Nella cornice in basso della scena centrale sono riportate le iscrizioni con i nomi
dei quattro santi ritratti ai lati della Madonna; tuttavia, occorre segnalare un errore, in
quanto sotto la figura del Sant’Ippolito è riportato il nome Cassiano e viceversa sotto
la figura del San Cassiano è riportato Sant’Ippolito. Lo stile dell’opera è indubbiamente
da ricondurre al pieno Rinascimento, di inizi Cinquecento.
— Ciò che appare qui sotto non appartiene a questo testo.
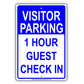 Visitor Parking Time Limit Guest Check In Sign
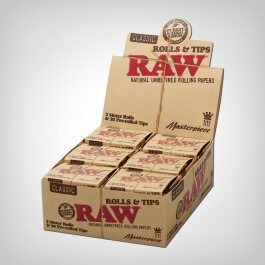 RAW Masterpiece Rolls Zigarettenpapier + Tips (12er Box)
Da tempo è stata assegnata dagli enti preposti un’attribuzione ottocentesca dell’affresco, che ritiene l’opera appartenente al pittore senese minore Giacomo Pacchiarotti; tuttavia, recenti studi dello storico dell’arte Divo Savelli hanno ricondotto l’opera
ad una diversa attribuzione, avvalorata tanto da riscontri storici, quanto da evidenze
pittoriche.
Di questo bellissimo affresco
eseguito a più mani, come appare chiaro, anche da una visione
diretta, è abbastanza evidente
l’attribuzione ad artisti umbri.
Di scuola umbra sarebbe infatti
la Madonna con Bambino, molto
probabilmente della bottega di
Pinturicchio, mentre le figure
di S. Cassiano e S. Pietro (Iato sinistro rispetto alla Vergine) appaiono, già nelle loro evidenze,
stilisticamente di fattura meno
elegante e più rude rispetto alla
realizzazione dei volti, delle
mani e dei piedi, delle altre due
figure di santi a destra della Vergine (da notare in particolare, la
sproporzione formale della chiave in mano a S. Pietro).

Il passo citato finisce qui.